Glycemic index (GI) and glycemic load (GL) are markers for postprandial glucose level. Since insulin, a hormone secreted to control hyperglycemia, is likely to promote the progression of tumor cells, the association between GI/GL and risk of colorectal cancer (CRC) has been researched for decades but still remains controversial. This study investigated the association between GI/GL and CRC risk, considering subtypes based on insulin receptor beta (IRβ) expression.

Methods

In a large-scale, population-based prospective cohort study involving 18,537 Japanese participants, a total of 415 CRC cases were evaluated for IRβ expression using immunohistochemistry. GI and GL were calculated using a validated food frequency questionnaire. The Cox proportional hazards model was used to assess the hazard ratios (HRs) and 95% confidence intervals (CIs) of the risk of CRC and its specific subtypes. Additionally, we conducted sensitivity analyses to confirm the robustness of the results.

Results

No significant associations were observed between dietary GI, GL and overall CRC risk. Further, no significant associations were detected in IRβ-stratified analyses.

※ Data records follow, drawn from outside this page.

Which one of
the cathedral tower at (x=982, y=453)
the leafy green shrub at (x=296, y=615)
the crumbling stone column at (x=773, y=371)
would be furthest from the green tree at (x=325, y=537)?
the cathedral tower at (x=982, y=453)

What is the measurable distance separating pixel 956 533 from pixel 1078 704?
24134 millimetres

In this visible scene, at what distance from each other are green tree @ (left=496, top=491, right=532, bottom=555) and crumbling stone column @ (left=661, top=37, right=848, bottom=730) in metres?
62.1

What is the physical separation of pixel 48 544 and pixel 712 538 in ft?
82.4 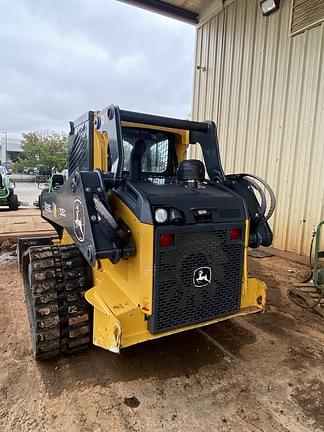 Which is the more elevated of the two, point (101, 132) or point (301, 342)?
point (101, 132)

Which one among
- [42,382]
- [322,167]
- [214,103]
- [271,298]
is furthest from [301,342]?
[214,103]

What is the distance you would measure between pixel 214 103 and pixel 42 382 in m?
6.85

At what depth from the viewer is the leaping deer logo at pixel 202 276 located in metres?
2.14

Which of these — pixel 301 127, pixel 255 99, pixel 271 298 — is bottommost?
pixel 271 298

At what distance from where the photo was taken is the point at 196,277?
2141 mm

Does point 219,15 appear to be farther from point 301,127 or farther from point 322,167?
point 322,167

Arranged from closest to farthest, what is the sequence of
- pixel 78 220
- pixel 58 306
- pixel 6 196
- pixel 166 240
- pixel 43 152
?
pixel 166 240
pixel 78 220
pixel 58 306
pixel 6 196
pixel 43 152

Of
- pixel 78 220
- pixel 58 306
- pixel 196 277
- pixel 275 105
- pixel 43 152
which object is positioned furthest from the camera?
pixel 43 152

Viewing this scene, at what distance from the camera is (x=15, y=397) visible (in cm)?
202

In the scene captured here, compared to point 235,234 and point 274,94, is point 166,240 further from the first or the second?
point 274,94

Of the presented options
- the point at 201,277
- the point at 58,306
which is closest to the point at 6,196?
the point at 58,306

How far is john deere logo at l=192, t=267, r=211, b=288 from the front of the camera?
214cm

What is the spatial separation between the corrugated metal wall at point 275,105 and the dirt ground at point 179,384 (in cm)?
288

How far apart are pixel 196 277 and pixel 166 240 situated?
0.38 meters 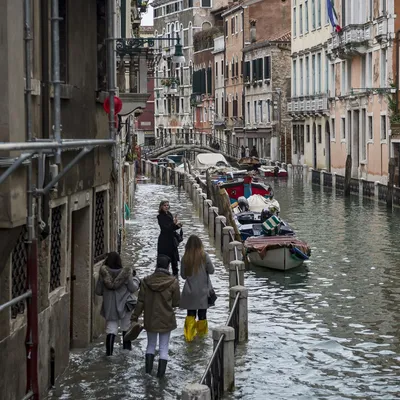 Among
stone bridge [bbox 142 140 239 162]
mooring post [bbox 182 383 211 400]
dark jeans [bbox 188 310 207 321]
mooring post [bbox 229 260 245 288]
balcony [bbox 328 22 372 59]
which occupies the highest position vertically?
balcony [bbox 328 22 372 59]

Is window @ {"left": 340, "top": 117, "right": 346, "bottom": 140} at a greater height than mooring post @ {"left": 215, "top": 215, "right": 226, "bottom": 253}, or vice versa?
window @ {"left": 340, "top": 117, "right": 346, "bottom": 140}

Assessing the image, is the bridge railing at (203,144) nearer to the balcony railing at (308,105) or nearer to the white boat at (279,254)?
the balcony railing at (308,105)

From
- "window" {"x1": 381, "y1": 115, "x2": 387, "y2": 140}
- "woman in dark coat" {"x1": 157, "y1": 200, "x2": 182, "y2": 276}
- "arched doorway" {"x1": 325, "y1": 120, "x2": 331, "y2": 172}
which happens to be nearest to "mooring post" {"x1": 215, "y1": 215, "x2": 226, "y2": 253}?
"woman in dark coat" {"x1": 157, "y1": 200, "x2": 182, "y2": 276}

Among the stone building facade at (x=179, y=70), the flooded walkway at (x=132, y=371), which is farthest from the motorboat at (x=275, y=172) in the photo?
the flooded walkway at (x=132, y=371)

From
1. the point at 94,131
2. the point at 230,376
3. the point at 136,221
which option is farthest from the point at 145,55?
the point at 136,221

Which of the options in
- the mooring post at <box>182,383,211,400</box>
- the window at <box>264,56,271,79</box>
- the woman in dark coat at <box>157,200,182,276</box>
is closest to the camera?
the mooring post at <box>182,383,211,400</box>

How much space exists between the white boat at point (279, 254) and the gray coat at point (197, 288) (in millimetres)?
8511

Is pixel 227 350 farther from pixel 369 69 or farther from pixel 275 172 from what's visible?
pixel 275 172

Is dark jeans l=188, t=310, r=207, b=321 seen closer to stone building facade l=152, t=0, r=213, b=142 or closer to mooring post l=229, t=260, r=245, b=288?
mooring post l=229, t=260, r=245, b=288

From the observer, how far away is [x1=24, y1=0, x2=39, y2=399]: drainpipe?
9773mm

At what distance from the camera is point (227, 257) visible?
22016mm

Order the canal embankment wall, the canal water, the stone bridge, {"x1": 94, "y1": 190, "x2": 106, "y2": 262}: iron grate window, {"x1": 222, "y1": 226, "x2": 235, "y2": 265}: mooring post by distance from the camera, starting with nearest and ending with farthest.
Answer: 1. the canal embankment wall
2. the canal water
3. {"x1": 94, "y1": 190, "x2": 106, "y2": 262}: iron grate window
4. {"x1": 222, "y1": 226, "x2": 235, "y2": 265}: mooring post
5. the stone bridge

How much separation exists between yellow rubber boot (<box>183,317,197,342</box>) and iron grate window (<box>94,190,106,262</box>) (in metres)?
1.41

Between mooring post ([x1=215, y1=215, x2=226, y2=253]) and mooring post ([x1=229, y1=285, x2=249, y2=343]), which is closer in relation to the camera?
mooring post ([x1=229, y1=285, x2=249, y2=343]) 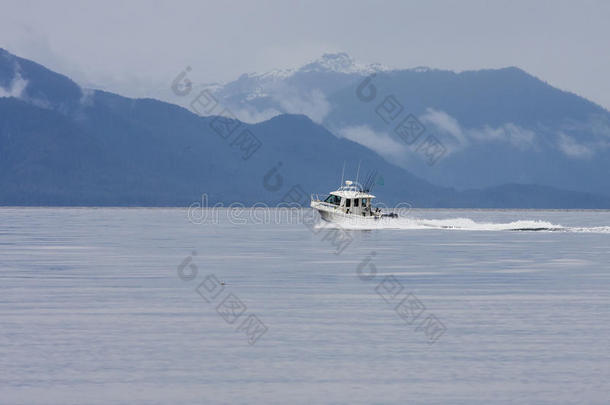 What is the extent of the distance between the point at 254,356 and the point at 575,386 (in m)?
9.39

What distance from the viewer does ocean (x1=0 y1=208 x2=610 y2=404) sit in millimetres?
26672

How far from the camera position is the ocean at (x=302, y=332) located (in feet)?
87.5

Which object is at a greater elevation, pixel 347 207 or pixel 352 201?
pixel 352 201

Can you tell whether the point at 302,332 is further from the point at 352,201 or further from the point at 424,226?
the point at 424,226

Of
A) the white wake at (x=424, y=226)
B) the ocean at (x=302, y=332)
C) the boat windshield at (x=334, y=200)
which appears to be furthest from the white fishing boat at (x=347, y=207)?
the ocean at (x=302, y=332)

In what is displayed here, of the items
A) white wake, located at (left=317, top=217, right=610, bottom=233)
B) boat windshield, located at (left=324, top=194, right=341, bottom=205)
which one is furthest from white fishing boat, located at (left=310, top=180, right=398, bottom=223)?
white wake, located at (left=317, top=217, right=610, bottom=233)

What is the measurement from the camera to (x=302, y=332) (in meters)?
35.4

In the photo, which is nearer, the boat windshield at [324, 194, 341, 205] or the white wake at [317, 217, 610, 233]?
the white wake at [317, 217, 610, 233]

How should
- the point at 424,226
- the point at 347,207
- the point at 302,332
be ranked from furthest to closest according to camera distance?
1. the point at 424,226
2. the point at 347,207
3. the point at 302,332

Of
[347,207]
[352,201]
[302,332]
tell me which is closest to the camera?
[302,332]

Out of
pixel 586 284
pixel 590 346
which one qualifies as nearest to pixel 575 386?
pixel 590 346

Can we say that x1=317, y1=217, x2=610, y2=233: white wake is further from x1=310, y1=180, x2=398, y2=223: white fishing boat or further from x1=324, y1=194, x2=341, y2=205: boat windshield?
x1=324, y1=194, x2=341, y2=205: boat windshield

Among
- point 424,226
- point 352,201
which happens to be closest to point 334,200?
point 352,201

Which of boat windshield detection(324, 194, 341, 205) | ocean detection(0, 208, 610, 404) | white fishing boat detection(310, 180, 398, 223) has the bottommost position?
ocean detection(0, 208, 610, 404) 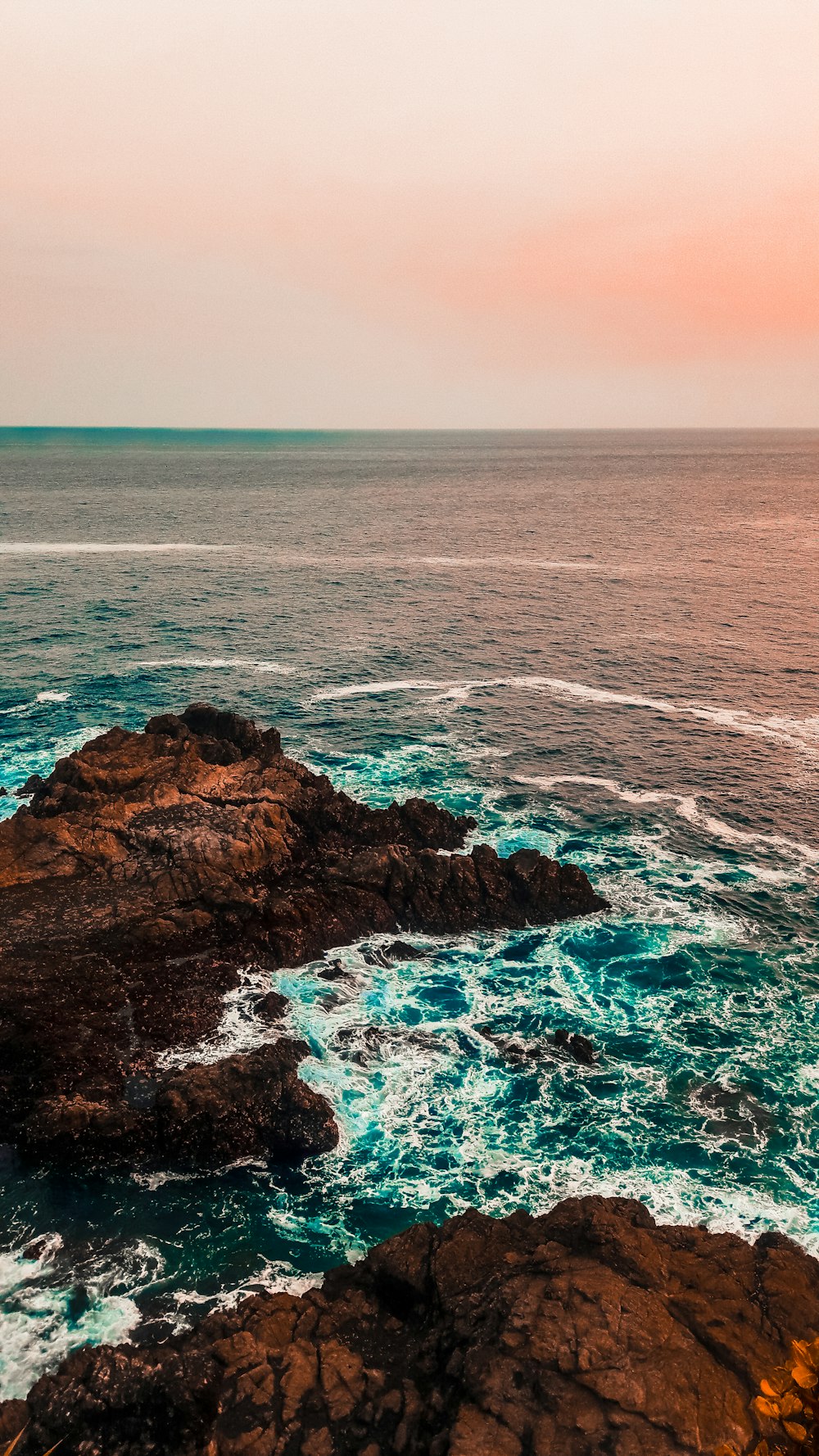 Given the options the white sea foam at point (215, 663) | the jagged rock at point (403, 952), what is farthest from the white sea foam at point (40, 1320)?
the white sea foam at point (215, 663)

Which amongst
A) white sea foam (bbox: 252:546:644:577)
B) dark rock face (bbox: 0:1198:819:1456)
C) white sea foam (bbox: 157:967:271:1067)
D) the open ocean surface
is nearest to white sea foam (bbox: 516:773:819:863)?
the open ocean surface

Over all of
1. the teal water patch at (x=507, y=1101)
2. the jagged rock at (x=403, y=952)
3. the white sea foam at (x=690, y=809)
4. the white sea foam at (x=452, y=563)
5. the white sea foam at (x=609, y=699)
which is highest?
the white sea foam at (x=452, y=563)

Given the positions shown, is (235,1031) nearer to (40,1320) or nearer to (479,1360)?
(40,1320)

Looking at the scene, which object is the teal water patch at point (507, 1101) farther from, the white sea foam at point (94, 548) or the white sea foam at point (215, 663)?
the white sea foam at point (94, 548)

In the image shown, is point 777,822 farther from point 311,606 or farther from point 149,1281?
point 311,606

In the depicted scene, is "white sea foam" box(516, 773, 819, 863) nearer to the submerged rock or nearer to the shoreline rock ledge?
the shoreline rock ledge

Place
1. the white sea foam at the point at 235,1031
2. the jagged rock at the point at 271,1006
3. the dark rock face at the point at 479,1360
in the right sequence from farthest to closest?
the jagged rock at the point at 271,1006, the white sea foam at the point at 235,1031, the dark rock face at the point at 479,1360

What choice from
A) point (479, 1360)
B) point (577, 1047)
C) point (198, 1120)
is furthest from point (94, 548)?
point (479, 1360) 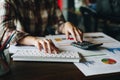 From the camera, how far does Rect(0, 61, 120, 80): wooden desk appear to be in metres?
0.71

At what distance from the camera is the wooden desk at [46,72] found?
708 mm

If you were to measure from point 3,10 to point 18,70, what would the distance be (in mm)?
424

The heterogeneities in the associations by IRβ status were also not statistically significant. (GI: p for heterogeneity 0.83 for men and 0.96 for women; GL: p for heterogeneity 0.84 for men and 0.60 for women) Sensitivity analyses yielded robust results.

Conclusions

This study did not observe a significant association between GI/GL and overall CRC or IRβ-defined subtypes. These results, particularly those from the assessment of IRβ status, do not support a possible association between GI/GL and CRC development.